Your task: All lines below starting at the one that holds "It's up to you" and ending at the one that holds "Next, we verify" should be printed exactly, ends included. Pictures should not be printed, nor anything else.

Material for the task:

****************

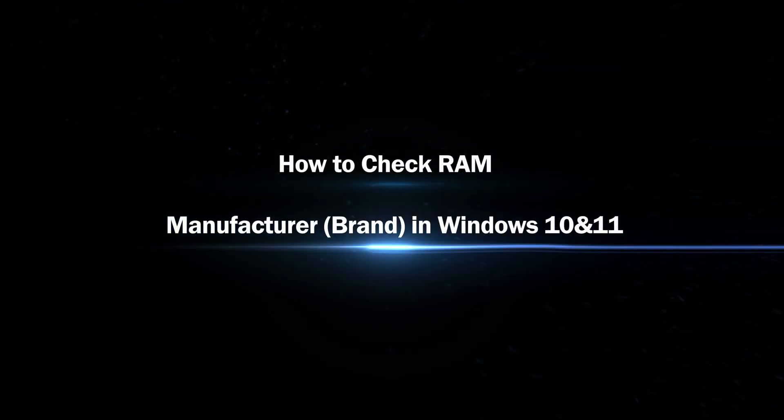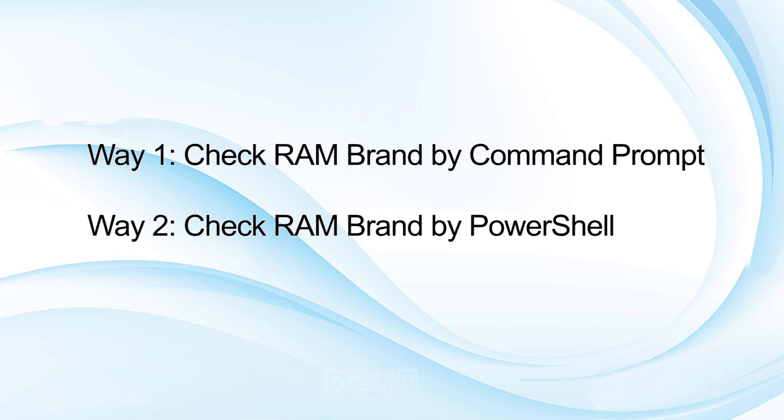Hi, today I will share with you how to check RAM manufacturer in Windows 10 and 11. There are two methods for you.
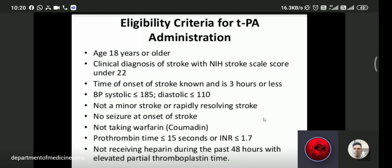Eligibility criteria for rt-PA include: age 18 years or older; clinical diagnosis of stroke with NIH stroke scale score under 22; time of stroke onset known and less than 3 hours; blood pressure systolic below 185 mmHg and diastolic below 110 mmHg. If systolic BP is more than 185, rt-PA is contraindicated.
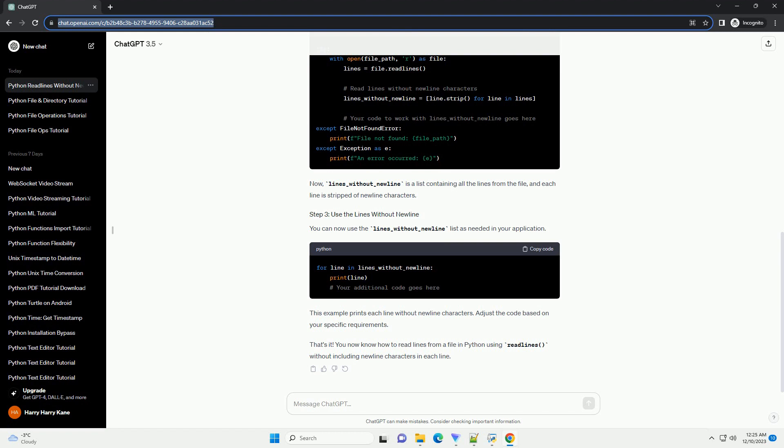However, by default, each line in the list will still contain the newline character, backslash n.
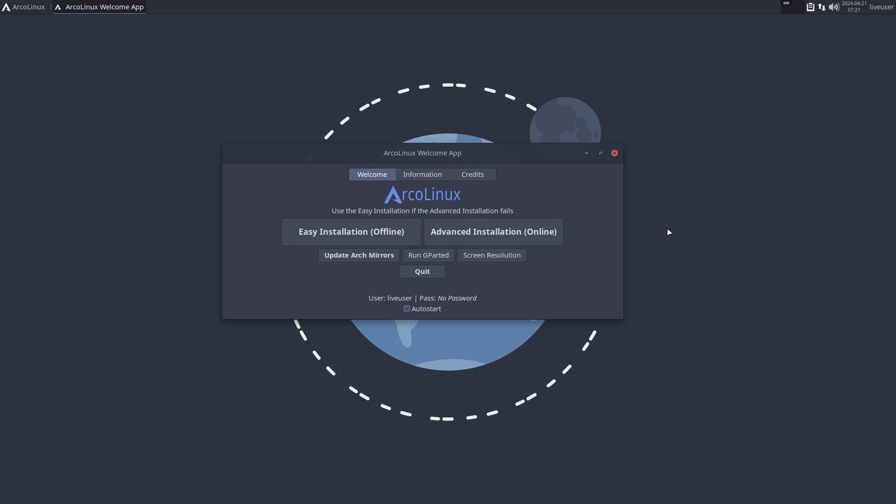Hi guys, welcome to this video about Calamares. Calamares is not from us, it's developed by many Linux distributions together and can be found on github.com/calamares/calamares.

****************

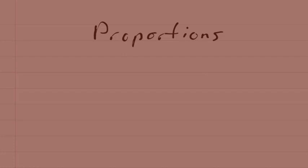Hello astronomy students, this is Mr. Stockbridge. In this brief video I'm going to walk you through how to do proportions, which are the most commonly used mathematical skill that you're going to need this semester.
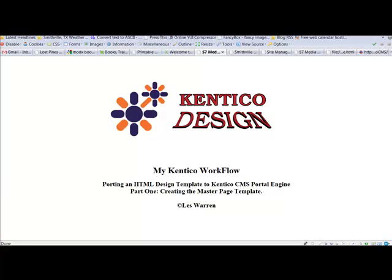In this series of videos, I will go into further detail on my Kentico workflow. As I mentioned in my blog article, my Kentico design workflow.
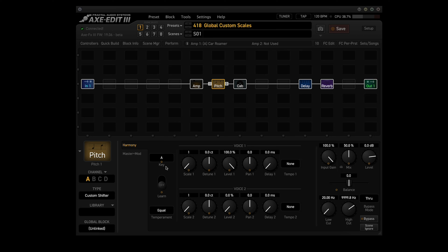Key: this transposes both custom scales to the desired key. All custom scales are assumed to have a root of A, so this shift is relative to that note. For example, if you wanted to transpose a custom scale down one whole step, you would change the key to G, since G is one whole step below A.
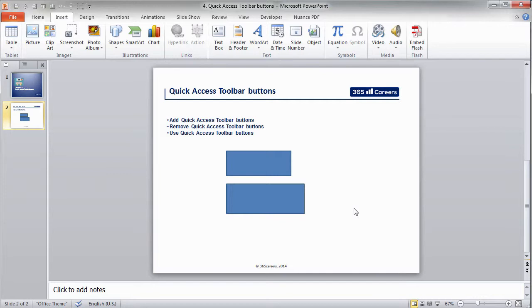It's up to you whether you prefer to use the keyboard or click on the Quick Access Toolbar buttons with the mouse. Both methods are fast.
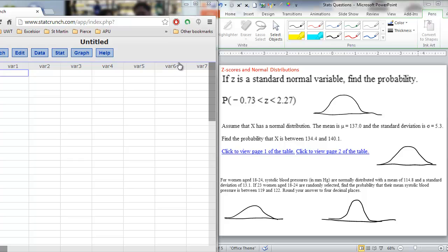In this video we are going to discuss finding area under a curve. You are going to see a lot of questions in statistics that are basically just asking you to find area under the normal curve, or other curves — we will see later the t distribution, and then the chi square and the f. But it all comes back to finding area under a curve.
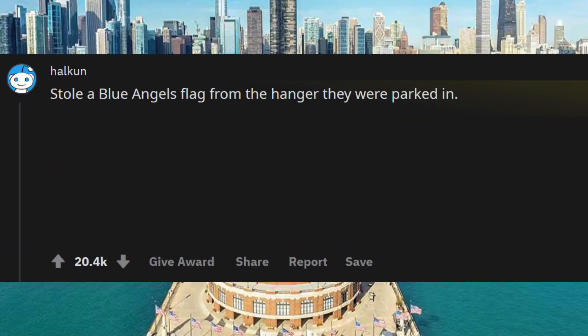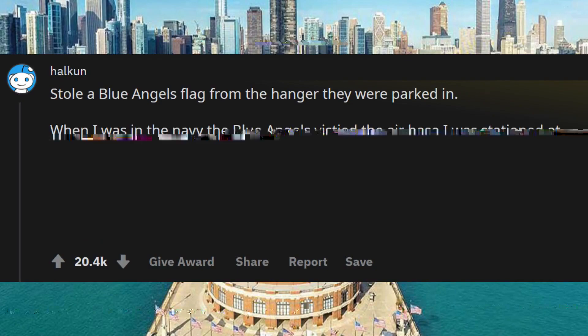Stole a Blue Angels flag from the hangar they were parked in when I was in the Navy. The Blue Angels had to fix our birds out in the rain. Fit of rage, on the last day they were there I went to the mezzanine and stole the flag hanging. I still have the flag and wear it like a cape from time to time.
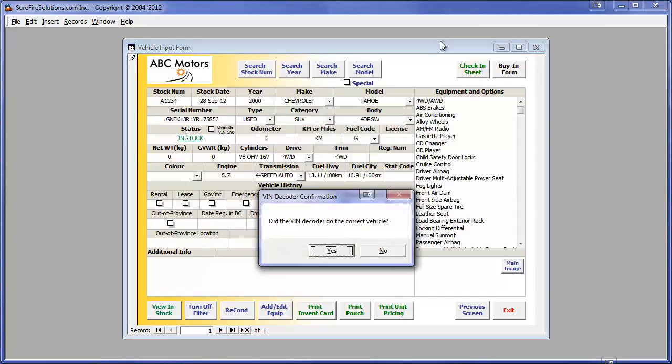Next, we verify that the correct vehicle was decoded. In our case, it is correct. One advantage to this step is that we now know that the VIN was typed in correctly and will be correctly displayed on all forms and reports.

****************

Answer for this exercise:
It's up to you whether you prefer to use the keyboard or click on the Quick Access Toolbar buttons with the mouse. Both methods are fast.
In this video we are going to discuss finding area under a curve. You are going to see a lot of questions in statistics that are basically just asking you to find area under the normal curve, or other curves — we will see later the t distribution, and then the chi square and the f. But it all comes back to finding area under a curve.
Stole a Blue Angels flag from the hangar they were parked in when I was in the Navy. The Blue Angels had to fix our birds out in the rain. Fit of rage, on the last day they were there I went to the mezzanine and stole the flag hanging. I still have the flag and wear it like a cape from time to time.
Next, we verify that the correct vehicle was decoded. In our case, it is correct. One advantage to this step is that we now know that the VIN was typed in correctly and will be correctly displayed on all forms and reports.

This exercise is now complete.